The myth is not that rules are written. The myth is that they bind all equally, independent of power. When power converges, rules appear firm. When it fragments, they evaporate. That is not order transcending dominance. It is dominance speaking the language of order.

Power does not remain fixed in one place. If it did, the world might still be governed by Alexander’s successors. Dominance mutates, fragments, consolidates and reappears in altered form. We elevate certain moments as normative and dismiss others as deviations. That is where storytelling enters.

When the question is naked power, emperors rarely appear unclothed. They are draped in institutions, wrapped in charters, adorned with curated procedures. The fabric is called law, consensus, legitimacy. But the tailoring does not change the body beneath. What passes for order is often the emperor’s new clothes.

With cultural power at your command, and an army of historians, intellectuals, artists and storytellers aligned with you, even preference can be elevated into principle. Narratives harden into norms. What serves power is recast as what sustains order.

The restructuring of dominance we witness today is not novel. What is novel is the discomfort of those formed in the previous configuration of power, whose narratives once defined legitimacy and who still retain influence. Their alarm does not invalidate the shift. Power realigns; legitimacy follows.

At such junctures, appeals to emotion multiply. You are told the world will unravel if the old order, conveniently aligned with certain interests, is not preserved. What you are not asked is whether that order preserved yours.

Strip Hegel’s “cunning of reason” of its historicist arc and faith in progression, and what remains is far less elevated. Not the unfolding of Spirit, but calculated self-preservation. Emotive language deployed to disguise strategic interest. That is what is on display here.

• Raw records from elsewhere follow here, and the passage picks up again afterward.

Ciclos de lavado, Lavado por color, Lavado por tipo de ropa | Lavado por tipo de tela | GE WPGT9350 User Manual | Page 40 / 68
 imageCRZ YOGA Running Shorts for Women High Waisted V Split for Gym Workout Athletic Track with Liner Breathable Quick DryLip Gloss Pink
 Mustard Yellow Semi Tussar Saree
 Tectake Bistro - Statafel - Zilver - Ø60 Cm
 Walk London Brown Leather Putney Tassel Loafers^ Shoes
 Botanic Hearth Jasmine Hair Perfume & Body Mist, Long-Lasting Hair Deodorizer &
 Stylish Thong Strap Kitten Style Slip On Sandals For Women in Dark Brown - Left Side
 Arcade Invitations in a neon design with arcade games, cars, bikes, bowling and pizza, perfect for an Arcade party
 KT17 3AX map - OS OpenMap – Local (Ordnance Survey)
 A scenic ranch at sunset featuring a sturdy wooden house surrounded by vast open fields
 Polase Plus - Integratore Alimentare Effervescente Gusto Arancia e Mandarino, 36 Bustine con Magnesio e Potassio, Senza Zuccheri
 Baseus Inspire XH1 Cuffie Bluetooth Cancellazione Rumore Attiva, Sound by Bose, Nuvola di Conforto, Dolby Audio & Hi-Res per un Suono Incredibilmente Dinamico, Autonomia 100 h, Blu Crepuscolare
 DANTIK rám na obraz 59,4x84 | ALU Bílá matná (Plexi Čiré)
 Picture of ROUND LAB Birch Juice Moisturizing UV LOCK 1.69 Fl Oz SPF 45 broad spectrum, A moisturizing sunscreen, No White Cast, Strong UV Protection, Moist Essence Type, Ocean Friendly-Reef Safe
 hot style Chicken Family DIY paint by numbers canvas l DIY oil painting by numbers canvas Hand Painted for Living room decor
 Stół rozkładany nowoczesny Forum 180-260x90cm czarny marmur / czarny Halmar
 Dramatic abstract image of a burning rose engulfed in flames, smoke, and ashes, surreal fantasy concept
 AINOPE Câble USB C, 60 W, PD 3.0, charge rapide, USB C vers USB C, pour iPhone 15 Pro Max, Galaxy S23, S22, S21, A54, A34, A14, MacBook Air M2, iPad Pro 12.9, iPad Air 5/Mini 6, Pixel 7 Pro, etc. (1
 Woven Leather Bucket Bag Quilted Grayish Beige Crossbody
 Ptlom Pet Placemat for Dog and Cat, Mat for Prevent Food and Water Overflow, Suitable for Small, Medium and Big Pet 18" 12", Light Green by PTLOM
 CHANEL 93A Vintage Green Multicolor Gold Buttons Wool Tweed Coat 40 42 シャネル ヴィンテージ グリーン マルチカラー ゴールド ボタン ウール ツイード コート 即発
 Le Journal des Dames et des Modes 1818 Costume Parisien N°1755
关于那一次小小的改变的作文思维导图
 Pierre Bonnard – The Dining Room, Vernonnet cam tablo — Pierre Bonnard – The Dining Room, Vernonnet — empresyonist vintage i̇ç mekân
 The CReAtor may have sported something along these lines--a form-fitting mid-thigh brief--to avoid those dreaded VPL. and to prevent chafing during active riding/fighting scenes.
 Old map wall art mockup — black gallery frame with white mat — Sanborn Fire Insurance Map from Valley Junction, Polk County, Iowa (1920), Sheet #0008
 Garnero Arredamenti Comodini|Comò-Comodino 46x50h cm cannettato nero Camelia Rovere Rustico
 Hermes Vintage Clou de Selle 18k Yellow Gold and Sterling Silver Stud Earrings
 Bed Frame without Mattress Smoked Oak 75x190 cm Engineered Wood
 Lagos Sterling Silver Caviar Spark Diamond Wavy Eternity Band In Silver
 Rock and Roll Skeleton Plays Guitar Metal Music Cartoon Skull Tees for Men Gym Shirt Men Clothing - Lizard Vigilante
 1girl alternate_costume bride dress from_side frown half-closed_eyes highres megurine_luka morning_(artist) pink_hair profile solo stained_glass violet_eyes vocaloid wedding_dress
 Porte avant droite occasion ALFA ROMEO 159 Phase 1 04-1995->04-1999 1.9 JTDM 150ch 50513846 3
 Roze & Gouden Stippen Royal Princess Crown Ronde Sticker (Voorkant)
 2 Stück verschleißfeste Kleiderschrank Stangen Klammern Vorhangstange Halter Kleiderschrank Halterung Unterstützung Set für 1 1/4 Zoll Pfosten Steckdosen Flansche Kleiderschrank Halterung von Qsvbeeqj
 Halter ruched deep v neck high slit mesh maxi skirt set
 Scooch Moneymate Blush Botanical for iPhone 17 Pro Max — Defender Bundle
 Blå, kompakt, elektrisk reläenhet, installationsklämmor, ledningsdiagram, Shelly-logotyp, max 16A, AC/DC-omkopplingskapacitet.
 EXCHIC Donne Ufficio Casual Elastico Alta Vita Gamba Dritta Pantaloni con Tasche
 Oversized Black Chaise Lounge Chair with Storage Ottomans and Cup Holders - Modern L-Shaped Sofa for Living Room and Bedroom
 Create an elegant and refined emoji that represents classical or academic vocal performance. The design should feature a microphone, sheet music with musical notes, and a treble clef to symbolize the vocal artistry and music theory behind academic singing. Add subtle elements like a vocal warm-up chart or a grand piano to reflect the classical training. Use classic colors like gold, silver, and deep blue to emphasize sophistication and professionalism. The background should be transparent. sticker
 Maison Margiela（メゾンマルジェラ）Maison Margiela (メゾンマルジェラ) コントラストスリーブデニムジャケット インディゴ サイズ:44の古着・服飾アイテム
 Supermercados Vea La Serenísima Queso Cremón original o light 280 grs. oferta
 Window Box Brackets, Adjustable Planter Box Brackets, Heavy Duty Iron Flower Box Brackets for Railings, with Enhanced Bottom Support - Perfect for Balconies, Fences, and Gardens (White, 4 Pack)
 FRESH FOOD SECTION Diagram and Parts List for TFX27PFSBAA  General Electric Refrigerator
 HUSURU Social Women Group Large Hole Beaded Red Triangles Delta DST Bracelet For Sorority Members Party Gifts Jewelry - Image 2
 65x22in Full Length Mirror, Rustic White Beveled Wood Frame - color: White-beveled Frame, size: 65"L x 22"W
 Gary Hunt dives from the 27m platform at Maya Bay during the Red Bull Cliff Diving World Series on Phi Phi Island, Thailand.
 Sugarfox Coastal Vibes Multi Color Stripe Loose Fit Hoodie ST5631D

In recent days, resuscitated stories about Jeffrey Epstein have resurfaced. The details are disturbing, and the media ensures attention remains fixed on the lurid elements. Spectacle is a diversion. When scandal dominates, deeper questions about networks of influence recede.

To believe Epstein’s proximity to wealth and authority was explained solely by depravity, or alternatively by espionage intrigue, simplifies what was clearly a dense ecosystem of elites. Powerful individuals gather because proximity to power consolidates influence.

Scandal satisfies outrage. It does not explain structural cohesion. The urgent question is not the pathology of one man, but the architecture that allowed access and durability. That architecture is about power preserving itself.

Abuse of children is not confined to a single scandal or geography. It occurs in private homes and public institutions. For two years, children in Gaza have lived under bombardment. In the United Kingdom, grooming gang cases have been an embarrassment and a source of shame for my diaspora and the system there. In India, Dalit children endure structural abuse that rarely commands sustained outrage.

The question is not whether these horrors are comparable. Each stands on its own moral weight. The question is why some become global obsessions while others fade into background noise.

Who shapes the hierarchy of outrage? The storyteller or your own observation? Selective amplification preserves the image of moral consistency without confronting the full distribution of suffering. And it spares you the uncomfortable question: where is the rules-based world order when all of this happens?

In short, beware of two assertions. First, that the old order served your interests more faithfully than whatever replaces it. Second, that the present turbulence is merely the whim of one leader or one faction. Structural shifts reflect realignments that rarely reverse themselves.

When President Biden succeeded President Trump after his first term, many expected rupture. What followed, in most strategic domains, was continuity with adjustment at the margins. Personalities change; power structures endure.

The lesson is neither comforting nor dramatic. You are on your own, as societies have always been. And if rules exist, they will be rewritten by those who command the prevailing balance of power. Order does not disappear. It is replaced.

There is no vacuum where order collapses. There is only a transfer of gravity.